> The input:
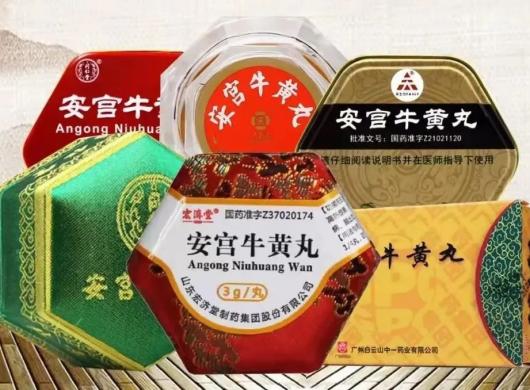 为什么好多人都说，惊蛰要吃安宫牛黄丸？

--

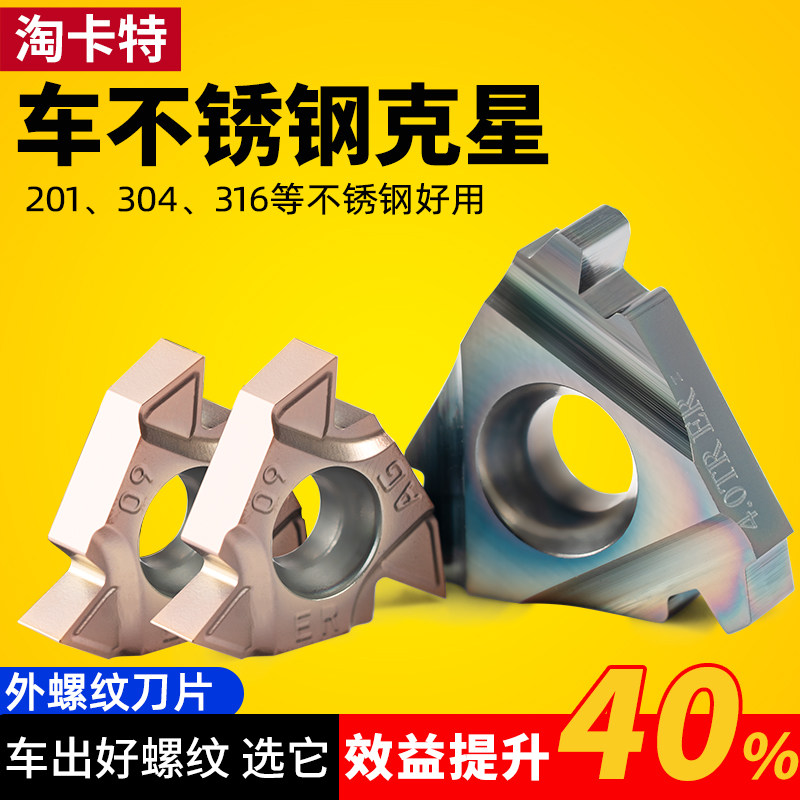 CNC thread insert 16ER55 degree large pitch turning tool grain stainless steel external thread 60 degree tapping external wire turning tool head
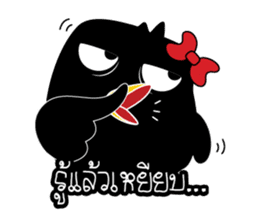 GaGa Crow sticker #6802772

> Work task: Reproduce the records above exactly, but only from the line with "CNC thread insert" up to and including the line with "GaGa Crow sticker #6802772". Leave the pictures out.

> Exercise answer:
 CNC thread insert 16ER55 degree large pitch turning tool grain stainless steel external thread 60 degree tapping external wire turning tool head
 GaGa Crow sticker #6802772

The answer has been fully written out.